Who what where why and how
After seeing The Rolling Stones on TV and decided she wanted to be just like Keith Richards, Che Zuro's parents complied. They bought her an electric guitar. She was 9.
Growing up in a musical family, Che doesn't even know how she "learned" to sing. "We always sang, in tune, to the radio or a cappella, but would always fight over who would sing the harmonies because they always seemed to be so much fun!" Before getting that beloved guitar, Che was already learning music theory at her weekly organ lessons in the suburbs of Pittsburgh and singing with school and church choirs.
Her first real band experience was being invited (as a junior high school student) to join an already working rock band made up of boys from the local high school. They played Stones, Beatles, Allman Brothers, Kinks, Rascals and had a great thing going until the 2 oldest students graduated, and left the underclassman to fend for themselves. Shortly thereafter, Che found a group of kids from across the river that had a band called Misfoundry in search of a keyboard player that could sing and play guitar. Besides playing the usual cover tunes, this band also dabbled in songwriting, taking them to a studio in Pittsburgh owned by Tommy James and The Shondell's guitarist Eddie Gray. "Since I was also playing keyboards in this band, I was thrilled to find a Hammond B3 in the studio ready for my grubby little fingers to fondle!"
After school Che moved to Los Angeles, first joining the almost all-girl band Backstage Pass with their ever rotating male drummers, and then was recruited by Dave and Dan Kessel for the lead guitarist spot in Kim Fowley's new post-Runaways all girl froup, The Orchids. They had sweet three-part harmonies, catchy songs and the requisite wild streak for rock bands in those days, but after one eponymous LP on MCA Records, they split up. This is where Che met many music industry people and also honed her songwriting skills. She and drummer Laurie Bell even sang for Phil Spector at the studio where they recorded their album!
After that, Che Zuro was on a flight across the pond to replace the lead singer of Britains pop group The Photos. They recorded an LPs worth of tunes, but nothing was ever officially released and Che was soon back in L.A.

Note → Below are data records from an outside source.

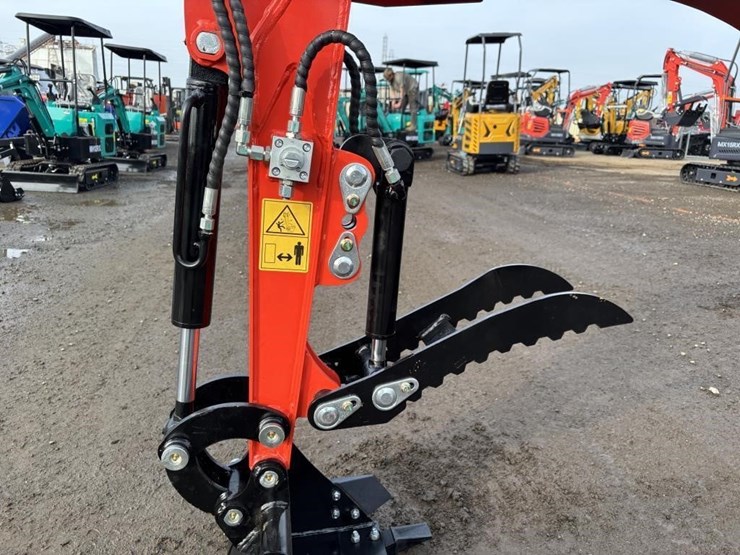 2025-tpm-18k-hydraulic-excavator-image-13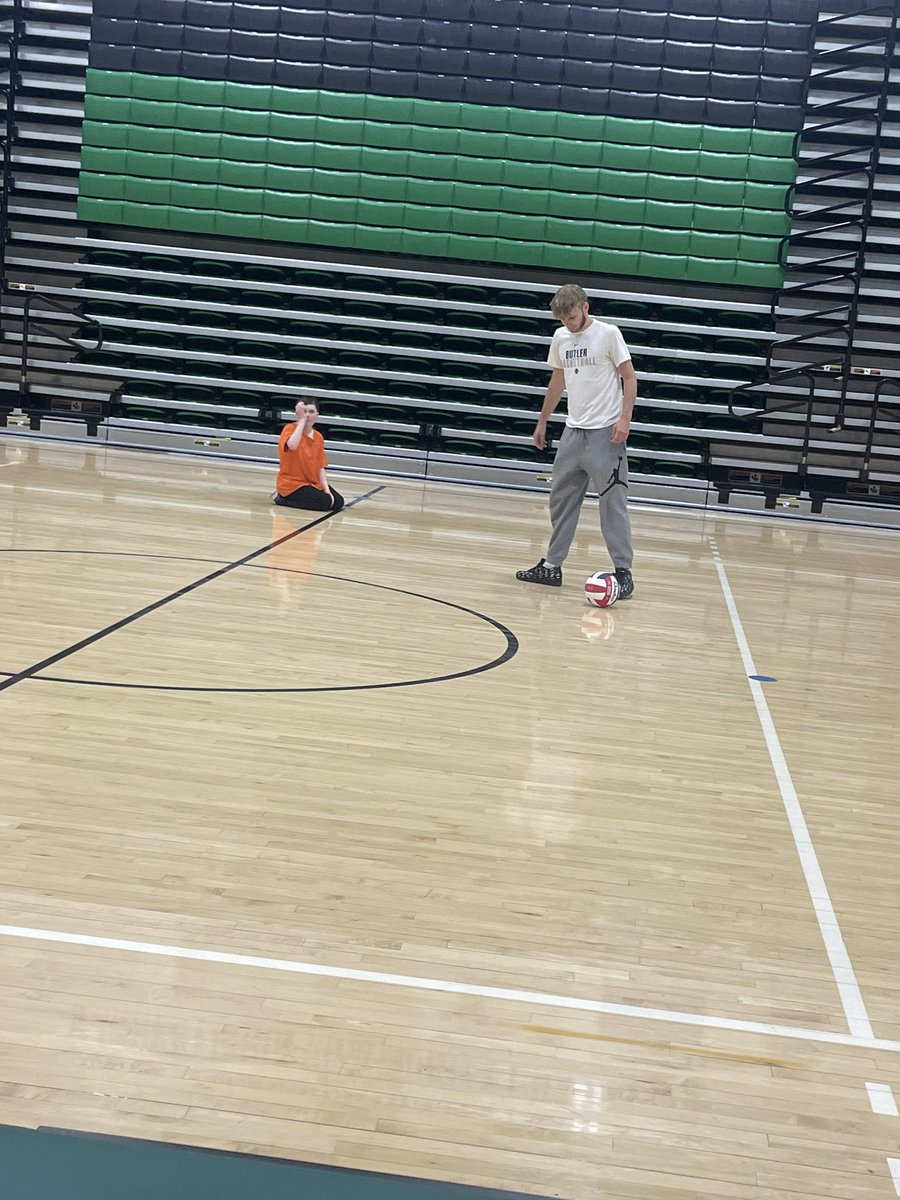 dylanbackalar's tweet photo. @UWPMBB X @GoTeamIMPACT https://t.co/eR4Avmz2j9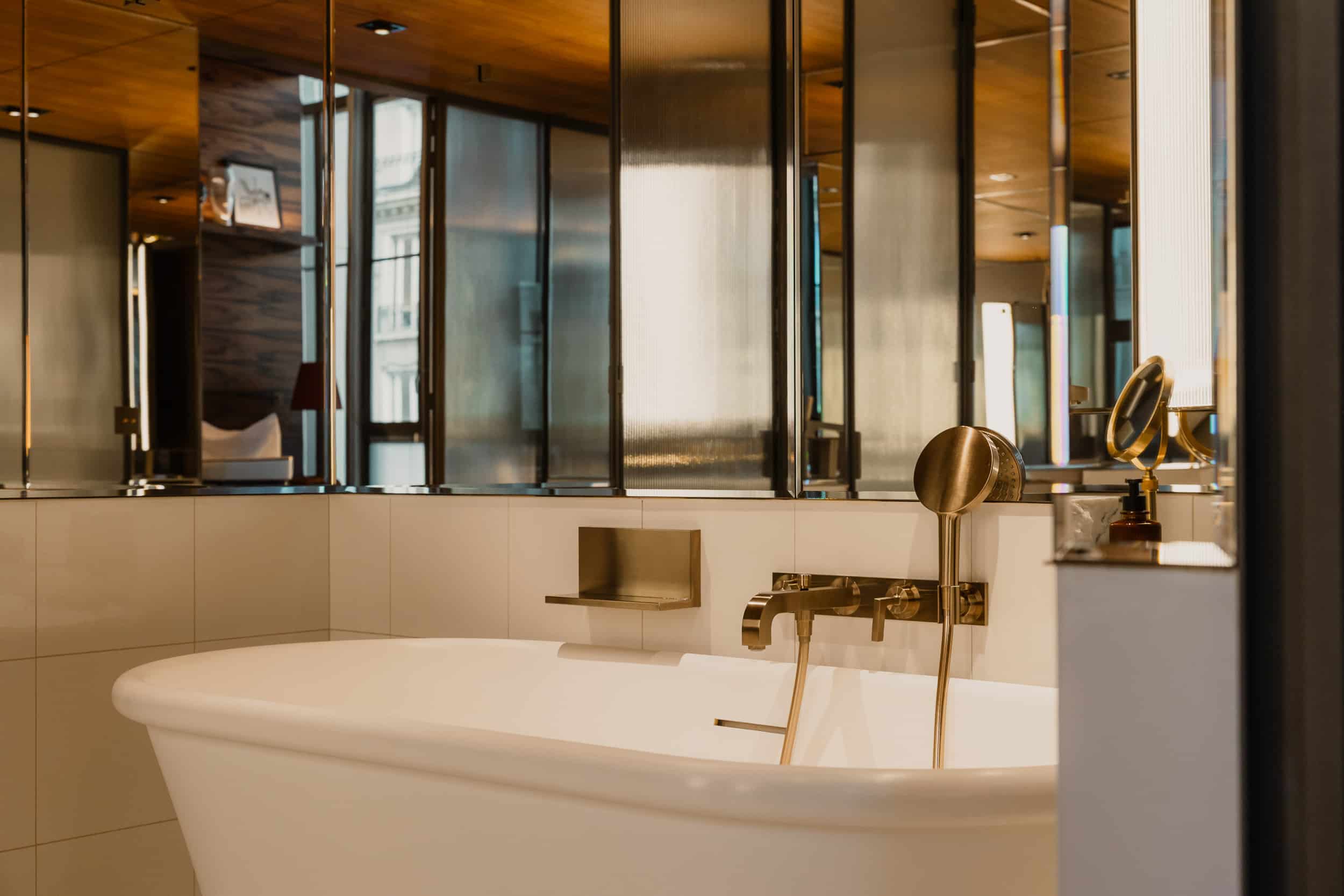 Salle-de-bain-brach-paris-credit-nolwenn-pernin-2025
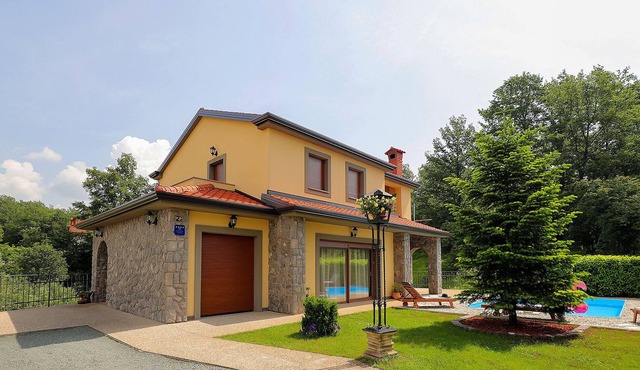 Beautiful spacious cottage with pool for the whole family.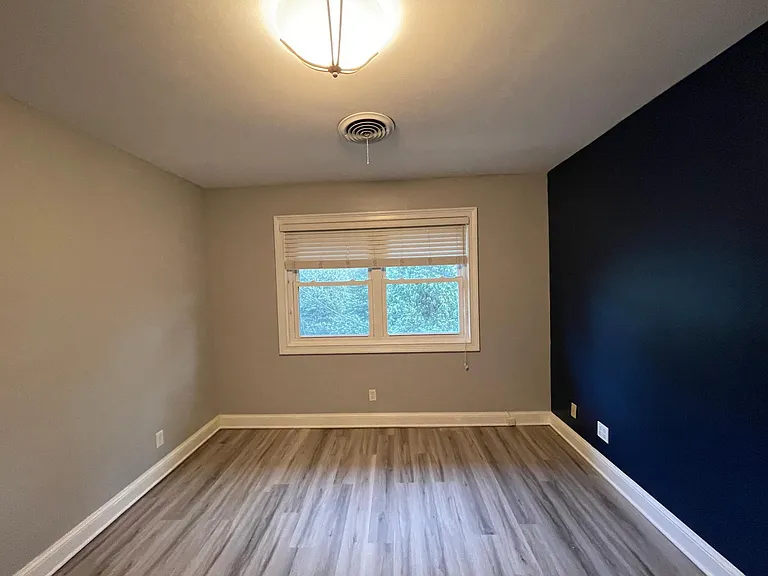 3668 Kingsboro Rd NE #10 — Photo 9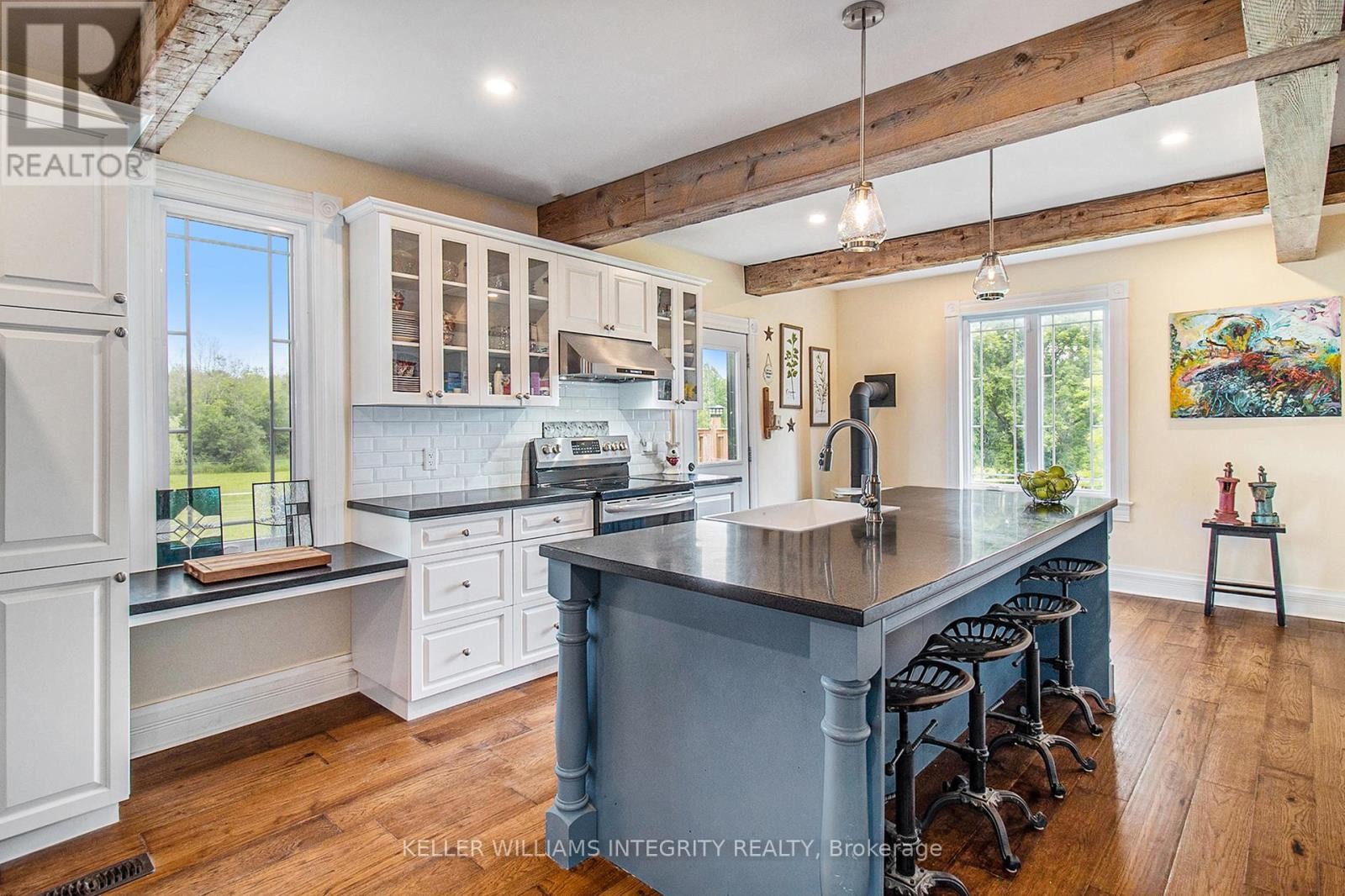 












980 BLACK ROAD

,
North Grenville,




Ontario
K0G1T0

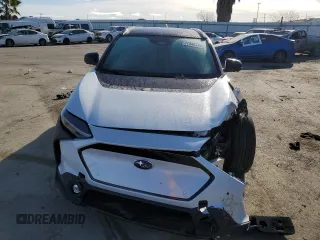 2023 Subaru Solterra Premium с VIN JTMABABA6PA023006, выставлен на аукционе Copart как лот 47940774 с пробегом 1 014 миль миль и . История ставок и продаж доступна на DreamBid. Изображение 5.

Over the years Che has worked with many groups and artists, singing, playing, touring, recording, such as Phil Seymour, Carmine Appice, Dokkin, Josie Cotton ("Johnny Are You Queer?"), Berlin, Charlie Sexton (now with Bob Dylan,) and more! Her band Population 5 with Prescott Niles (Knack), Jb Frank and Danny Stag who both went on to play with Kingdom Come, and drummer Matt Sorum (GnR, Cult, etc.) made a mark on the music biz in the mid 80s but never quite signed the elusive deal. Che finally decided to work on her own music and her own band, and being, finally, the front person.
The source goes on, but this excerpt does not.